Pathamudayam is a 1985 Indian Malayalam-language action thriller film directed by J. Sasikumar and written by S. L. Puram Sadanandan. It is a remake of the 1976 Hindi film Kalicharan, and the film stars Mohanlal, Urvashi, M. G. Soman and T. G. Ravi; Mohanlal played dual roles (for the first time in a film) as Sub-Inspector Jayamohan and Vikraman. The film features music composed by Darsan Raman.This film is considered to be one of the first blockbusters of Mohanlal.

==Plot==
Menon initially appears to be an honest, rich, and kind-hearted man. However, he is actually the infamous criminal known as "Lion", under whom black-marketing, smuggling and robberies flourish.
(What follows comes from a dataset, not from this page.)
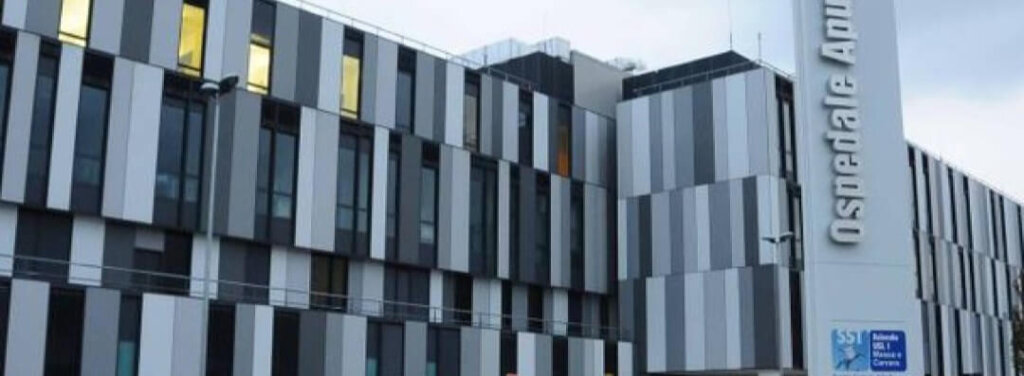 Terrore al pronto soccorso: paziente psichiatrico estrae la pistola dalla fondina di una guardia giurata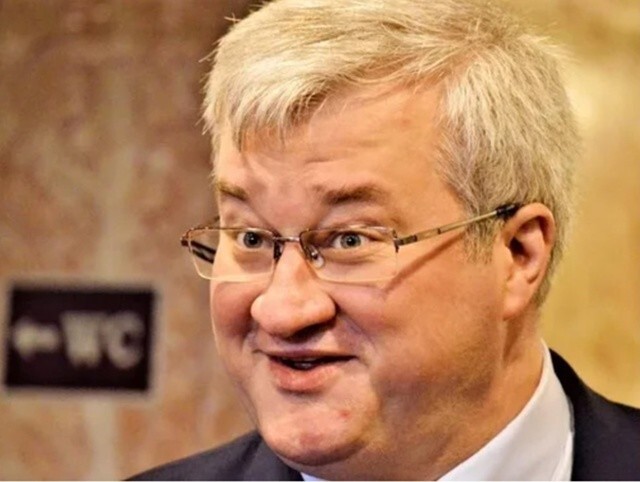 Дремлют дурни у дороги , снятся дурням перемоги!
He keeps his identity well-hidden, making sure no one has an idea about his evil deeds, not even his close friend IG B. G. Menon. Menon is very worried at the sorry state of affairs in the city and state.

The government requests to bring back Inspector Jayamohan to the city as he is an honest and fearless cop. Jayamohan comes to town and starts cracking on the criminals with an iron hand. Jayamohan is the son of IG Menon and is a widower who has two small children. After making substantial raids, Jayamohan learns that Lion C. Menon is a corrupt man and a demon for the society. He plans to spill the beans in front of everyone, but is killed by Lion C. Menon's men. Before dying, he keeps a typical clue for the police to nab the criminal, but nobody is able to understand what the clue says.

Menon is heartbroken and he loses hope in life. Due to a friend he learns that there is a ferocious prisoner Vikraman in a jail who resembles Jayamohan. Menon visits him, but finds him a beastly figure. Still in an attempt to trace the criminal, he gets him released and takes him to a hill station where he attempts to transform him. But Vikrman is a tough nut to crack. However, after some time it is Jayamohan's sister-in-law who wins the heart of the fugitive.

Vikrman was in prison as he had murdered the people who had raped his lover. He was still in search of the main culprit Bhadran. Vikrman makes peace with Menon and slowly but steadily transforms into a police inspector. He manages to win the heart of Valsala and even the kids of Jayamohan accept him as their father. He finds the truth behind Jayamohan's murder and brings Lion C. Menon to the hands of law. In the process, he manages to win friends like Rahim and eliminate his old enemy Bhadran.

==Cast==

- Mohanlal in a dual role as
  - Sub-Inspector Jayamohan
  - Vikraman
- Urvashi as Valsala
- M. G. Soman as Inspector General B. G. Menon IPS
- T. G. Ravi as Lion C. Menon
- Balan K. Nair as Rahim
- K. P. A. C. Azeez as Gopinath
- Poojappura Ravi as Kuttan Pillai
- Aranmula Ponnamma as B. G. Menon's sister
- Chitra as Amminikutty
- Unnimary as Sarada
- C. I. Paul as Bhadran
- Baby Chaithanya

==Soundtrack==
The film features songs composed by Darsan Raman and background score by K. J. Joy.